A Polícia Federal ouve, nesta quinta-feira (22), quatro generais do Exército por suspeita de terem integrado uma organização criminosa que atuou na tentativa de arquitetar um golpe de Estado com o objetivo de evitar a posse do então presidente eleito Luiz Inácio Lula da Silva (PT). A polícia vai ouvir os ex-ministros Augusto Heleno (Gabinete de Segurança Institucional), Walter Braga Netto (Defesa e Casa Civil), Paulo Sérgio Nogueira (Defesa) e Mário Fernandes (Secretaria-Geral da Presidência da República), que integraram o governo do ex-presidente Jair Bolsonaro (PL).

Depois que as investigações vieram à tona, Braga Netto afirmou que o caso trata de uma "invenção" e "perseguição" contra aliados de Bolsonaro. A defesa de Paulo Sérgio afirmou que o ex-ministro "sempre agiu corretamente, é inocente e confia na Justiça". Os outros oficiais ainda não se manifestaram. O Exército, por sua vez, diz que colabora com as investigações.
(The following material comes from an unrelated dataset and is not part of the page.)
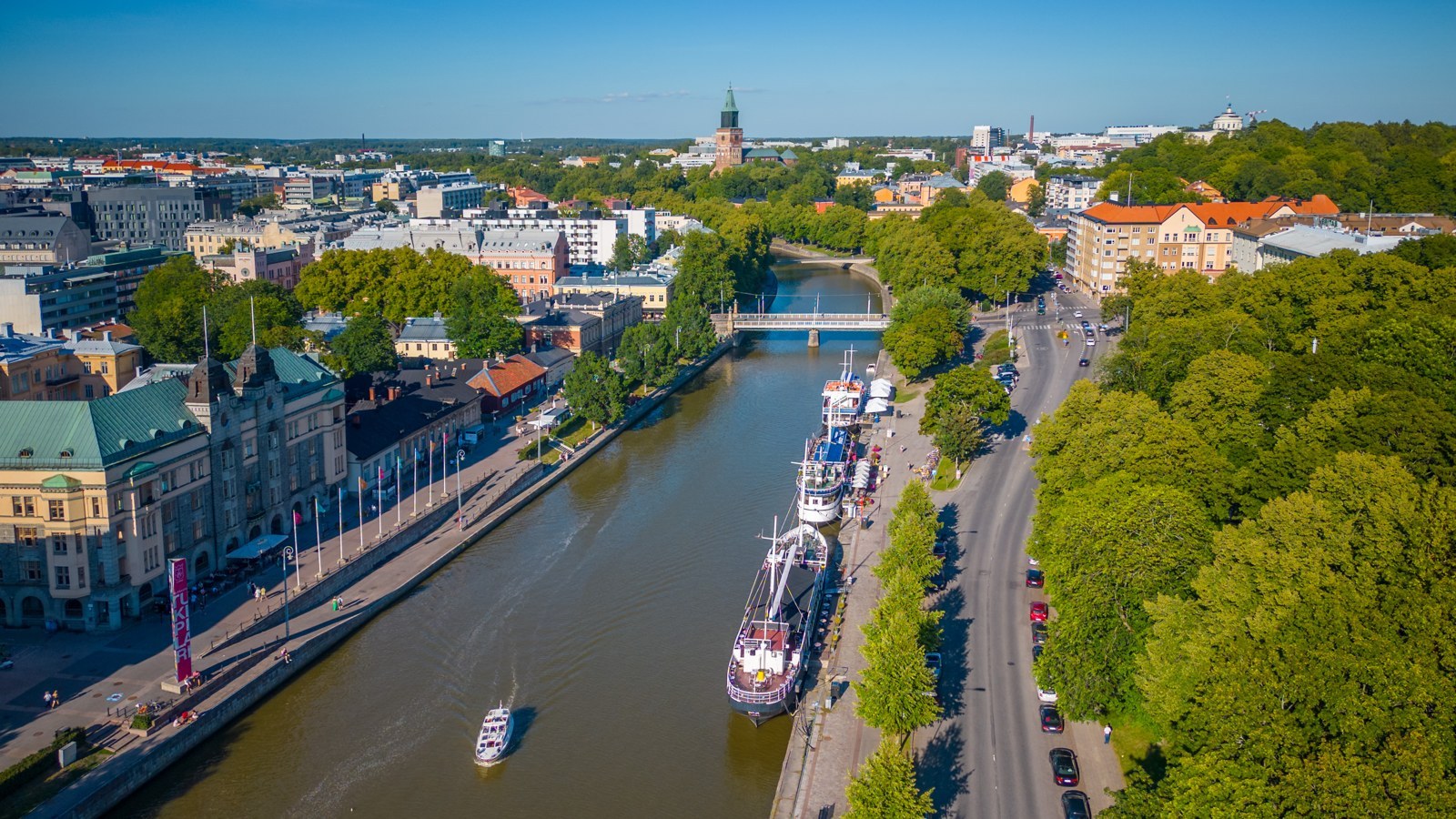 Turku und der Aurajoki – Foto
No caso de Braga Netto, que foi candidato a vice na chapa de Bolsonaro na eleição de 2022, o relatório da PF que embasou a última operação mostra que ele estimulou ataques pelas redes sociais e aplicativos de mensagens a integrantes da cúpula das Forças Armadas que resistiam às investidas do grupo para que aderissem ao plano golpista. Um deles foi o general Freire Gomes, então comandante do Exército. Em conversa com Ailton Barros, outro alvo da operação, Braga Netto se refere ao general como “cagão”. “Oferece a cabeça dele”, escreveu.

Ailton Barros é um ex-militar que foi candidato a deputado estadual pelo PL, partido de Bolsonaro. Em outro momento, Braga Netto critica o ex-comandante da Força Aérea Brasileira, o tenente-brigadeiro Baptista Júnior. “Senta o pau no Batista Júnior (...) Inferniza a vida dele e da família”, escreveu o general.
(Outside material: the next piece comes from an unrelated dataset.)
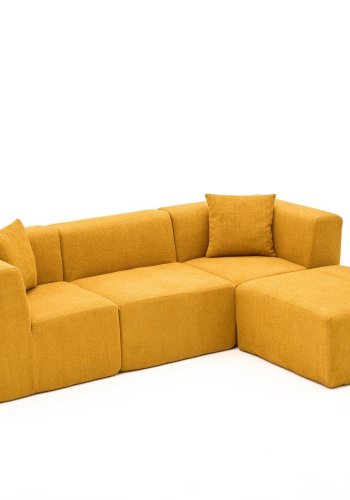 NORDVÄRK Raks - Orange hjrnesofa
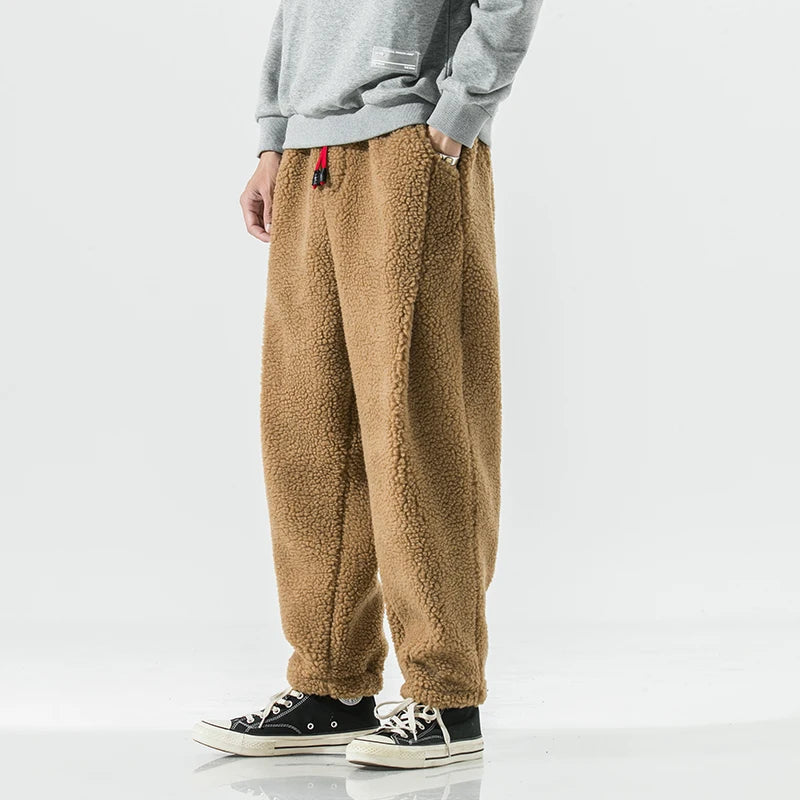 Ash | Men's Relaxed Fleece Sweatpants Beige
Na investigação, a PF destacou uma reunião ministerial de julho de 2022 na qual Bolsonaro instigou uma ação antes das eleições. O vídeo da reunião foi apreendido pela polícia com o ex-ajudante de ordens Mauro Cid, que firmou um acordo de delação premiada. No encontro, Augusto Heleno disse que se "tiver que virar a mesa é antes das eleições" e que seria necessário agir "contra determinadas instituições e contra determinadas pessoas".

O general disse, ainda, que havia conversado com o então diretor da Agência Brasileira de Inteligência (Abin), Victor Carneiro, para "infiltrar agentes nas campanhas eleitorais”.

"Linha de contato"

O ex-ministro da Defesa Paulo Sérgio Nogueira também deve ser ouvido sobre o teor da reunião ministerial. Na ocasião, ele afirmou que a pasta estava na "linha de contato com o inimigo" ao participar da comissão eleitoral do Tribunal Superior Eleitoral (TSE). A participação dos militares na comissão ocorreu a convite do então presidente do TSE, Luís Roberto Barroso, com o intuito de dar mais transparência ao processo e de evitar questionamentos por parte do ex-presidente Bolsonaro e do seu entorno.
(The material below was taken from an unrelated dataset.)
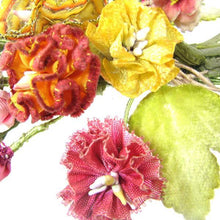 Load image into Gallery viewer, Ribbon Work Silk Flower Corsage Bouquet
A investigação aponta que o grupo atuava no sentido de tirar credibilidade do sistema eleitoral ao mesmo tempo em que buscava apoio de militares para impedir que o então presidente eleito tomasse posse. Mensagens apreendidas pela PF mostram que os investigados buscaram provas de fraudes do sistema eleitoral, mas, mesmo sem êxito, insistiam na desinformação.

Mário Fernandes também estava na reunião ministerial, e teve uma fala contundente incentivando uma ação antes das eleições.

— Daqui a pouco nós estamos nas vésperas do primeiro turno. E aí, a própria pressão internacional, a liberdade de ação do senhor e do governo vai ser bem menor. (...) No momento que isso acontecer é 64 de novo? É uma junta de governo? É um governo militar? É um atraso de tudo que se avançou no país? (...) Tem que ser antes, como nós queremos. Dentro de um estado de normalidade. É muito melhor assumir um pequeno risco de conturbar o país para que aconteça antes do que assumir um risco muito maior de conturbação no "the day after [o dia seguinte]” — afirmou.